Greenplum 函数 gp_dist

转载自：https://yq.aliyun.com/articles/7593

函数作用：

gp_dist_random('gp_id')本质上就是在所有节点查询gp_id，
gp_dist_random('pg_authid')就是在所有节点查询pg_authid，

使用greenplum时，如果需要调用一个函数，这个函数很可能就在master执行，而不会跑到segment上去执行。
例如 random()函数。
通过select random()来调用的话，不需要将这条SQL发送到segment节点，所以执行计划如下，没有gather motion的过程。

postgres=# explain analyze select random();

                                       QUERY PLAN

----------------------------------------------------------------------------------------

 Result  (cost=0.01..0.02 rows=1 width=0)

   Rows out:  1 rows with 0.017 ms to end, start offset by 0.056 ms.

   InitPlan

     ->  Result  (cost=0.00..0.01 rows=1 width=0)

           Rows out:  1 rows with 0.004 ms to end of 2 scans, start offset by 0.059 ms.

 Slice statistics:

   (slice0)    Executor memory: 29K bytes.

   (slice1)    Executor memory: 29K bytes.

 Statement statistics:

   Memory used: 128000K bytes

 Total runtime: 0.074 ms

(11 rows)

如果要让这个函数在segment执行，怎么办呢？
通过gp_dist_random('gp_id')来调用，gp_dist_random的参数是一个可查询的视图，或表。

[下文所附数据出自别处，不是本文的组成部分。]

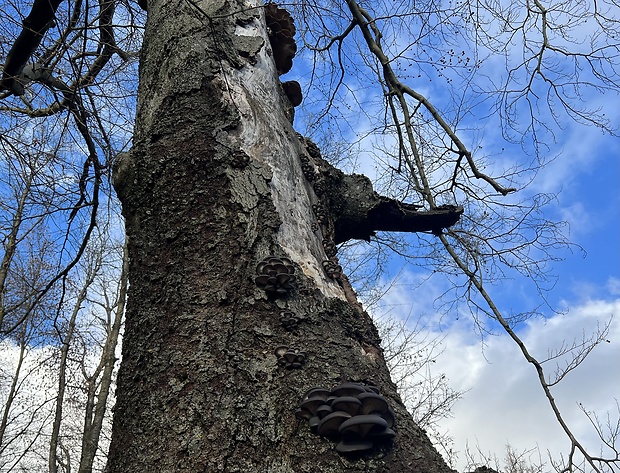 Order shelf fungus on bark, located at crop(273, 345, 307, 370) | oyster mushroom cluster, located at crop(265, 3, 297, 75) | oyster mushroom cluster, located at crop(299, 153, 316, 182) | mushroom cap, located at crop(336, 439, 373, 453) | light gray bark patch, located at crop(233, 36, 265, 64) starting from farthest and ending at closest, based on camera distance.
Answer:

postgres=# explain analyze select random() from gp_dist_random('gp_id');

                                                               QUERY PLAN

-----------------------------------------------------------------------------------------------------------------------------------------

 Gather Motion 240:1  (slice1; segments: 240)  (cost=0.00..4.00 rows=240 width=0)

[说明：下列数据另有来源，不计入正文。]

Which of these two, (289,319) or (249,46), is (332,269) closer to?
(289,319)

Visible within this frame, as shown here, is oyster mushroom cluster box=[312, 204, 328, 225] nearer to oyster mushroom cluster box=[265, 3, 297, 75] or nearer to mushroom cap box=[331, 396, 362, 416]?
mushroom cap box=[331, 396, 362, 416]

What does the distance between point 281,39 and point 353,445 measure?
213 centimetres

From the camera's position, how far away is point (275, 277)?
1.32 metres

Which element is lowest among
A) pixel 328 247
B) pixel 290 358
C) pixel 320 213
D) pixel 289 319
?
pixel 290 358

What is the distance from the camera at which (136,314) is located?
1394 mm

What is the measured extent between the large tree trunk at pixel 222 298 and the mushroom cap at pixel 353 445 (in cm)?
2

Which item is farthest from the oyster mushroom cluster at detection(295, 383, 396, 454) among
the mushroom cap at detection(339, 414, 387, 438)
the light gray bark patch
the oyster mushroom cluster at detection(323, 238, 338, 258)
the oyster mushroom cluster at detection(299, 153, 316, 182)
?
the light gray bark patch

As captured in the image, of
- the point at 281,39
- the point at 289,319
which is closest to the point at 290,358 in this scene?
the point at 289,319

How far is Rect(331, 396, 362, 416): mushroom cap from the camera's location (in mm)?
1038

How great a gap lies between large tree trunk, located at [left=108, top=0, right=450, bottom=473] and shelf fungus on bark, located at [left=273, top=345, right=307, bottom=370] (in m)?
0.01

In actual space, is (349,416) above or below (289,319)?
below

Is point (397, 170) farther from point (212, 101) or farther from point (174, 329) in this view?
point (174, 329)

   Rows out:  240 rows at destination with 6.336 ms to first row, 59 ms to end, start offset by 4195 ms.

   ->  Seq Scan on gp_id  (cost=0.00..4.00 rows=1 width=0)

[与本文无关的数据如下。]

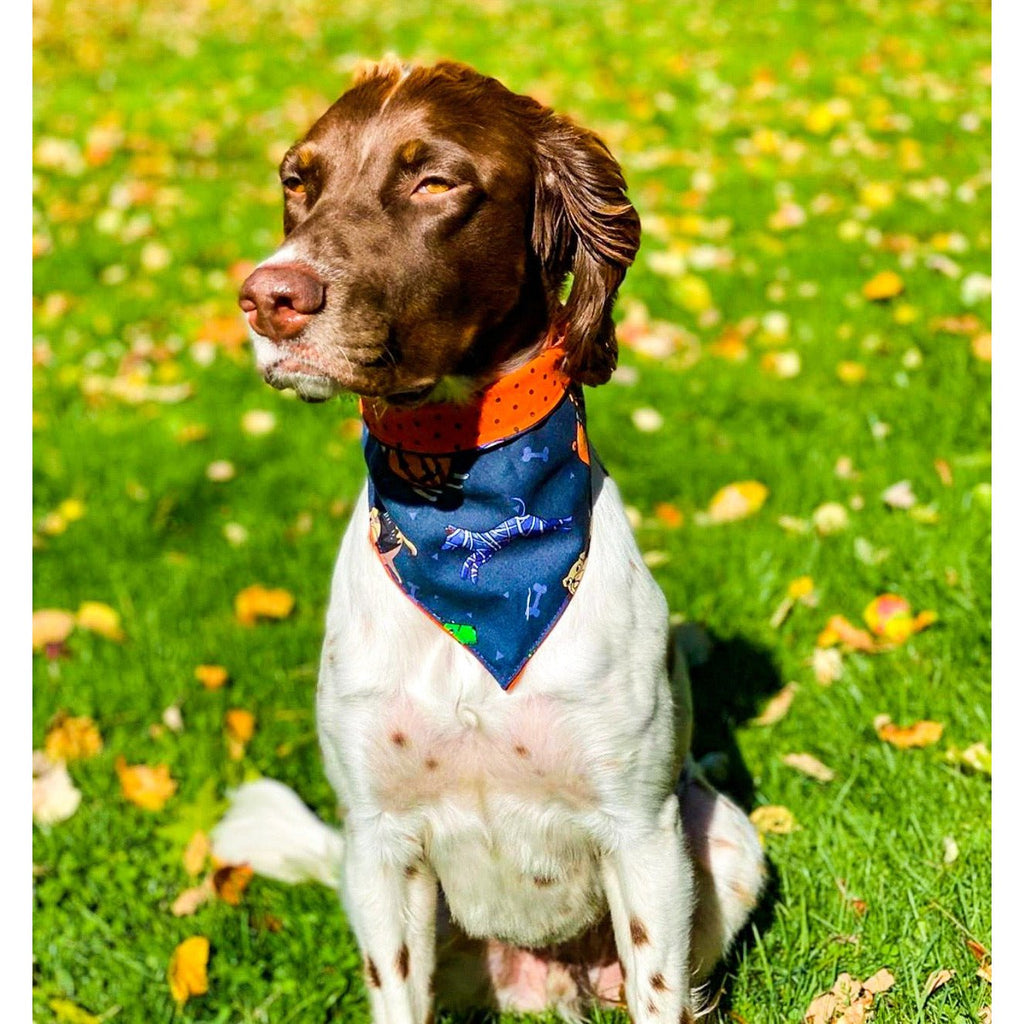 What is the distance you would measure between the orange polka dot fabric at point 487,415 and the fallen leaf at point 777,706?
1.52 m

         Rows out:  Avg 1.0 rows x 240 workers.  Max 1 rows (seg0) with 0.073 ms to first row, 0.075 ms to end, start offset by 4207 ms.

 Slice statistics:

   (slice0)    Executor memory: 471K bytes.

   (slice1)    Executor memory: 163K bytes avg x 240 workers, 163K bytes max (seg0).

 Statement statistics:

   Memory used: 128000K bytes

 Total runtime: 4279.445 ms

(10 rows)

gp_id在每个segment中都有一条记录，所以以上SQL会在每个SEGMENT中调用一次random()并返回所有结果，例如我的测试环境中有240个segment, 那么以上SQL将返回240条记录。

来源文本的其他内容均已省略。